Судьба к Щ. была немилосердна: двух лет от роду заболев костным туберкулезом, он все детство, отрочество и юность провел в больницах, диспансерах, здравницах и лечебницах. И школу закончил только вечернюю, и в Московском университете учился как заочник (1946–1951), лишь последние два года перед выпуском проведя на очном отделении (1951–1953).

Я, — рассказывает В. Лакшин, — вспоминаю его то дома, в Электрическом переулке близ Белорусского вокзала, в этой маленькой, узкой, как щель, полутемной комнатке, служившей некогда ванной и заселенной в эпоху коммуналок и «уплотнений», — он сидит, подвернув ноги, на сундуке, с книжкой в руках. То в кабинете профессора Гудзия, где идет толстовский семинарий, и Марк, слегка опоздавший и пристроившийся в укромном углу за этажеркой у самой двери, что-то пишет в зелененький измятый блокнотик. То на скромной студенческой пирушке, где он сразу становится центром дружеского кружка, и гитара ходуном ходит в руках его, и все без слов признают его первенство и в песне, и в шутке, и в завязавшемся вдруг серьезном разговоре.

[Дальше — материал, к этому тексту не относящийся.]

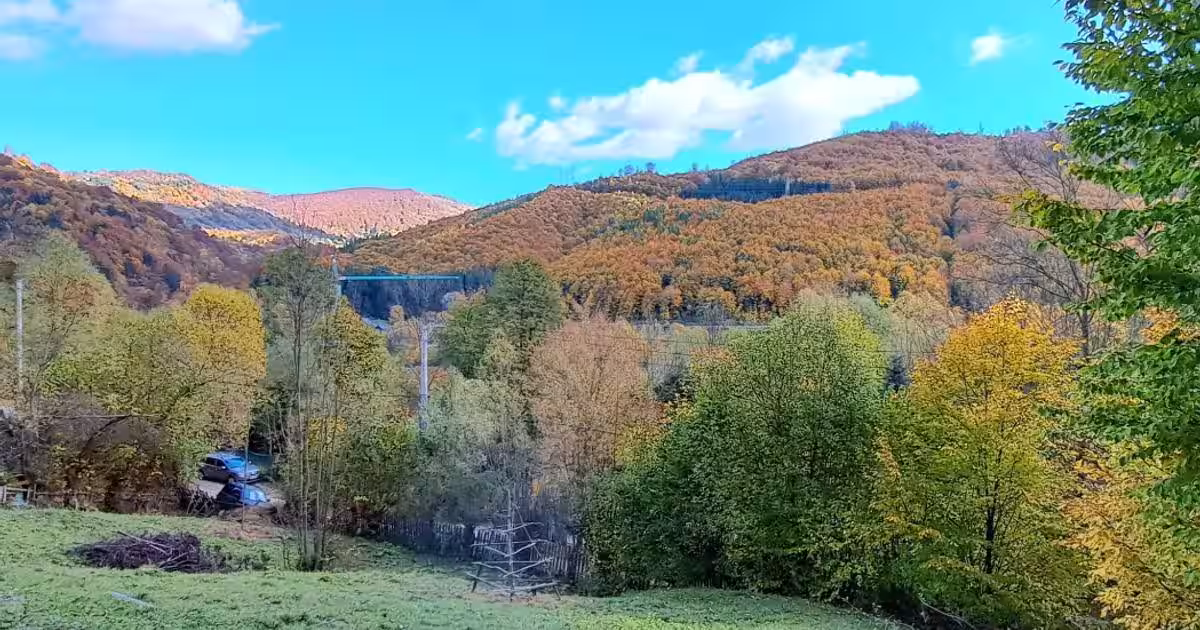 Vand teren cu vedere la lac, Valea Doftanei,Strada Lacului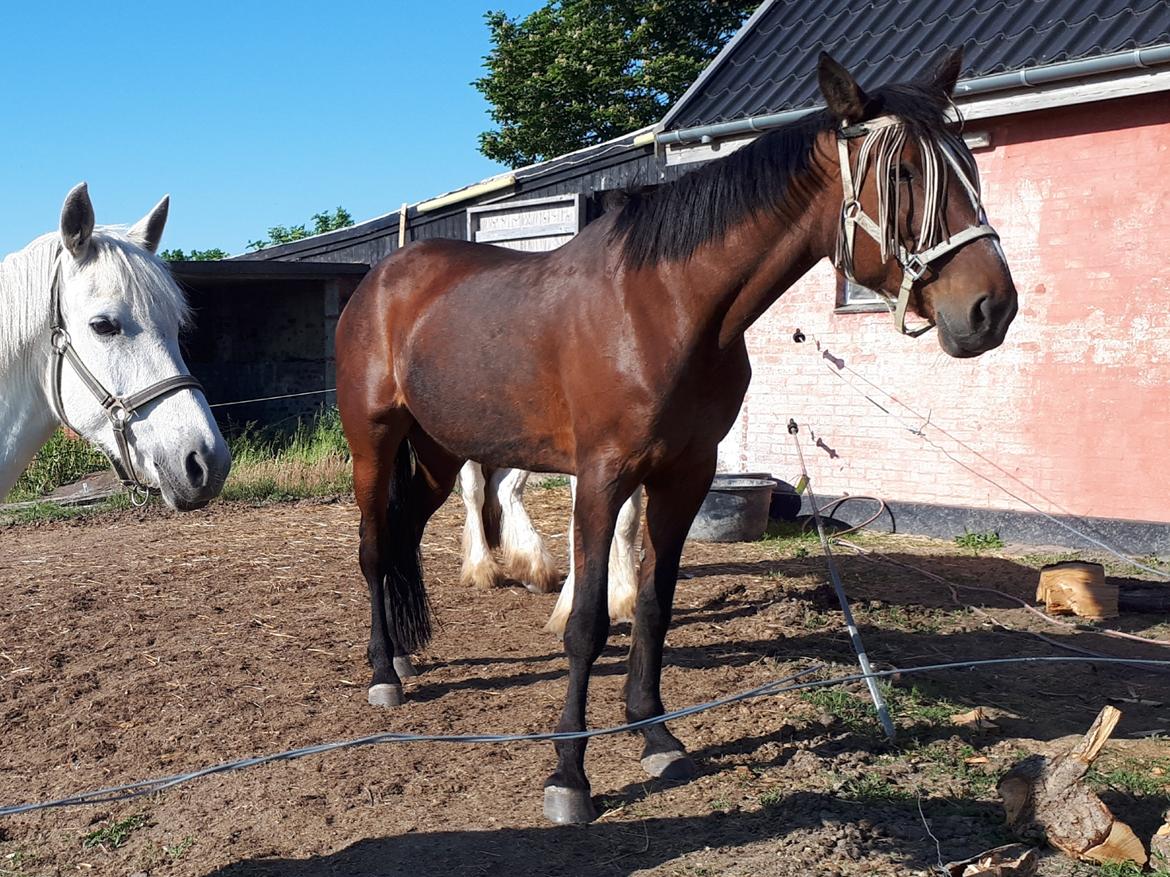 Traver Joy Game billede 18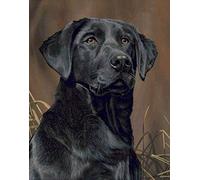 NPRZM Diamond Painting Kits for Adults, Kids Black Labrador DIY 5D Diamond Painting Arts Craft for Home Wall Decor Birthday Gifts 40x50CM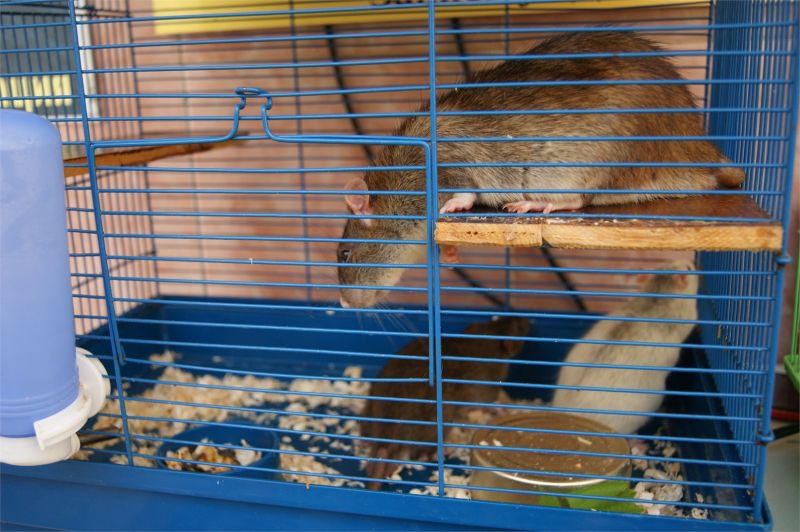 Живой уголок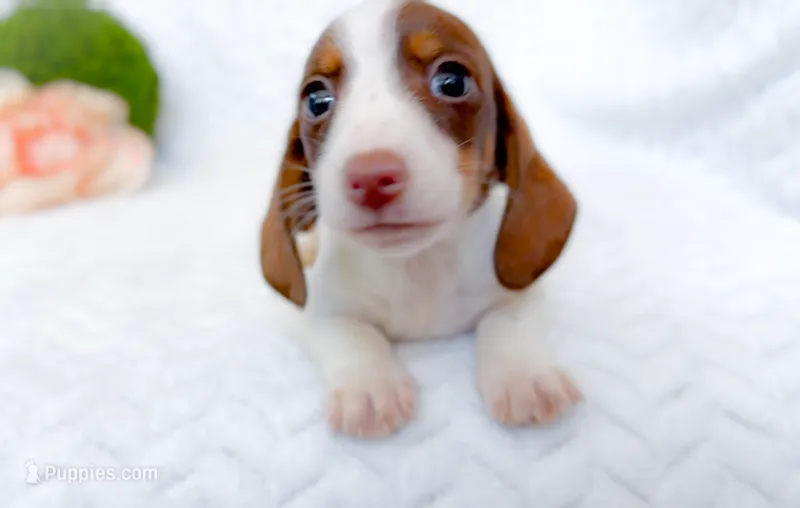Thyme AKC Chocolate and Tan Piebald  – Miniature Dachshund puppy for sale in Fort Worth, TX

То в редакции журнала, куда он с трудом, громыхая костылями, поднимается по высокой лестнице с рукописью, свернутой в трубочку и болтающейся сбоку на бечевке, чтобы не занимать руки… Но чаще и отчетливее всего я вспоминаю почему-то, как в пору весенних экзаменов он сидит на камнях старой ограды в университетском садике, сняв шляпу, прислонив сбоку костыли, покуривает, слегка задрав голову, с наслаждением щурится на солнце и с добрым любопытством вглядывается в лица тех, кто входит и выходит, хлопая дверью, из здания факультета. Он никого не ждет, не ищет, ему просто радостно смотреть на суетливую, шумную студенческую жизнь и чувствовать себя причастным к ней[3318].

Вполне естественно, что с детства Щ. писал стихи, студентом подрабатывал, сочиняя рецензии на книжные новинки для Совинформбюро и ВОКСа, но по-настоящему с подачи профессора Н. Гудзия дебютировал в сентябре 1953 года, напечатав в «Новом мире» свою дипломную работу «Особенности сатиры Льва Толстого».

И начались три — всего три! — года интенсивной работы в критике.

А время… Вообразите себе сами это еще только оттаивавшее время — когда надо было доказывать, что Достоевский — гений, Блок и Есенин — великие поэты, защищать А. Грина, сражаться с «теорией бесконфликтности» и прочими премудростями социалистического, будь он неладен, реализма, выбирать, «роясь в сегодняшнем окаменевшем говне», книги, истинно стоящие внимания.

Беда Щ. в том, что эти книги были по большей части либо еще не реабилитированы, либо пока не написаны. Нет ни «лейтенантской» прозы, ни «исповедальной», ни «деревенской», ни «городской». И он ищет свое, лишь вызревающее у В. Некрасова и В. Овечкина, С. Антонова и Г. Троепольского, схватывается за «поэзию обыкновенного» в рассказах ныне, увы, позабытого читинского прозаика И. Лаврова.